Tuesday 1 January 2013


Let law be the judge on rapists, 
not power-hungry politicians

My thoughts on Quota Goondas trying to fish in the troubled waters following the aftermath of Delhi gangrape of a 23-year-old girl. 

The gangrape of the Delhi girl has unleashed a clamor to “hang the rapists” from innocent youths who are too shocked and angry that such a brutal and unthinkable incident occurred in a debased Congress-ruled burg which also happens to be the capital of India. Though what happened to the Delhi girl is utterly shocking and no words are enough to condemn it and which can easily be counted as the rarest of rare case the issue is not as simple as it sounds.  We have surfeit of laws to tackle rapists and hang them if need be. What is worrying is that the craven political class, I fear, could see a sinister opportunity to unite among themselves to keep India as its permanent fiefdom in nailing one more nail in India’s divided social fabric coffin to fetch a few additional marginal votes. See the way they did repeatedly in giving quotas for the asking to eradicate backwardness when the Dalit rich are getting fatter. By passing a law “death to a rapist (maybe on suspicion)” politicians can secure their future in further compartmentalizing people of India into irreconcilable groups of men and women who are to be always at loggerheads. This could set the trend of political discourse and blackmail to settle scores in whatever way the dominant ruling rogues deem it fit.  This is Machiavelli at its worst and only Congress has the gumption to resort to such degraded vulgar thinking.

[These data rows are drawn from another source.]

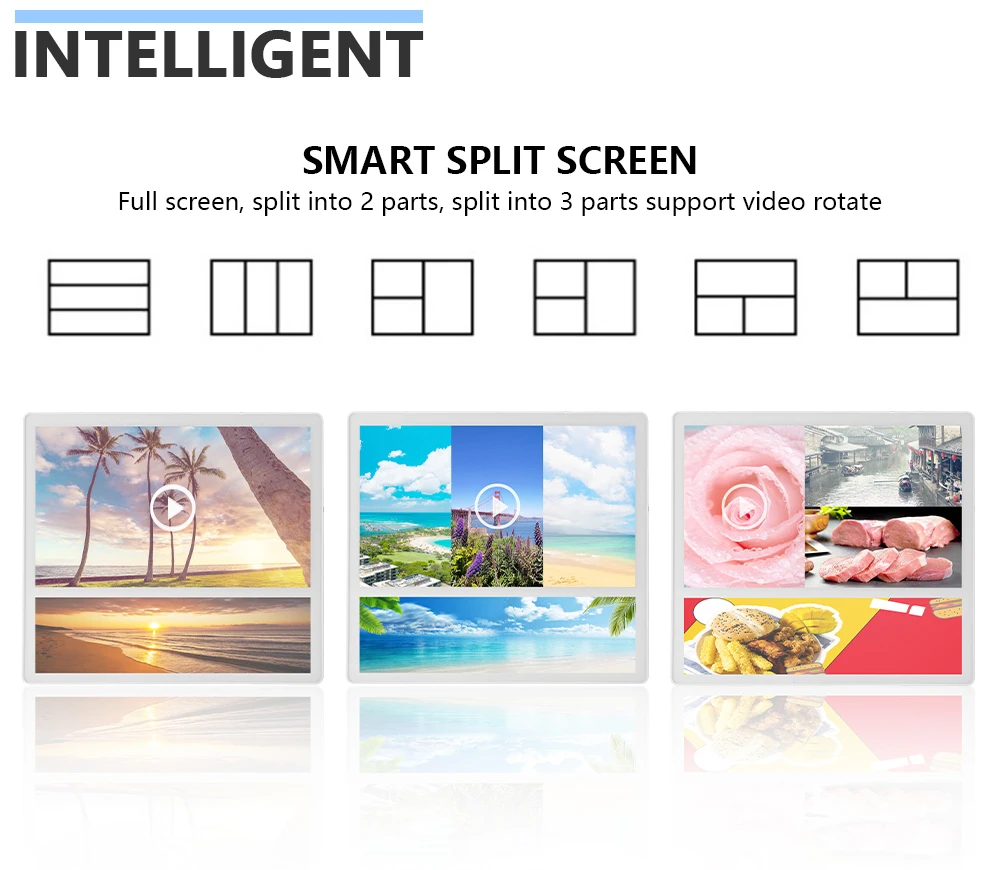 Дисплей рекламы видео Digital Signage и дисплеи лифтов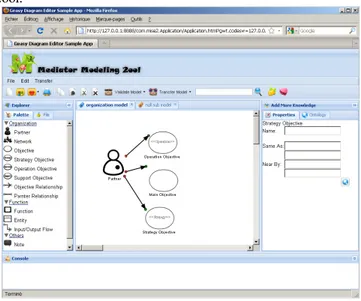 Figure  6  is  the  screen  shot  of  Mediator  Modeling  2ool.  On  the  left,  there  are  modeling  palette  and  file  explorer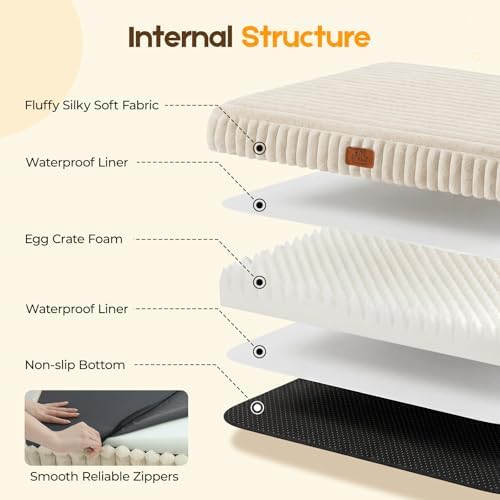 Orthopedic Dog Bed for Medium Dog, Waterproof Washable Pet Bed for Crate - Image 3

Yes, rape usually occurs when a man imposes himself on a woman without her consent, by force or when she is under aged (statutory rape). Does this mean women cannot turn rapist when they can turn into women dadas as seen from Mayawati incident when she makes her slaves dance to her tune, especially the chief one who has shown an excellent elasticity of spine in kowtowing? India's moral fibre is in a completely weakened state today and it is puerile to think that woman are more honest and decent than men. It depends on the individual character and not on the class. Let us not make the same quota mistake here too as we term the rich Dalits poor and shower them with more benefits !

Certainly it cannot be denied that like degrading the people of India into eternal backwardness as symbolized by quotas there is a move over the past decade or so to bring women domination in all spheres of life by looking down upon men. Women’s rule after eons of men’s domination may not be a bad idea after all provided it has purity of thought and a sense of well-being for the country. But the way Indian politics has hurtled to its divide-and-rule nadir — and the way our male PM is told to behave by a woman without he being allowed to exert his trappings of power — all point to a dangerous, diabolical trend that can have far reaching consequences for all of us, both men and women.

My fear is that a strong, blanket anti-rape law in a troubled society such as ours will weaken our resolve to see the truth, stop lies from being spread and will allow the traitor politician to secure a hold over the beggared classes of India.

Already there are many horrible true life stories about draconian laws that women have begun using lately against men and as statistics shows innumerable men are already ruined and many have turned destitute. I am referring in particular to pro-women draconian law Protection of Women from Domestic Violence Act 2005 (PWDVA 2005) and 498(A) (mental and physical harassment of a married woman). There are still innumerable draconian laws such as IPC 406, 306, 304B, Cr Pc 125, Section 24 of Hindu Marriage Act etc that have brought untold miseries to husbands and their close relatives at the hands of law and law enforcing authorities. Anybody can verify the statistics if they take the pain to go through it and see how women easily get away even after it becomes clear that the woman had foisted a false case. The men then have no right to punish the women who had foisted false cases. This is the law as it stands in India today !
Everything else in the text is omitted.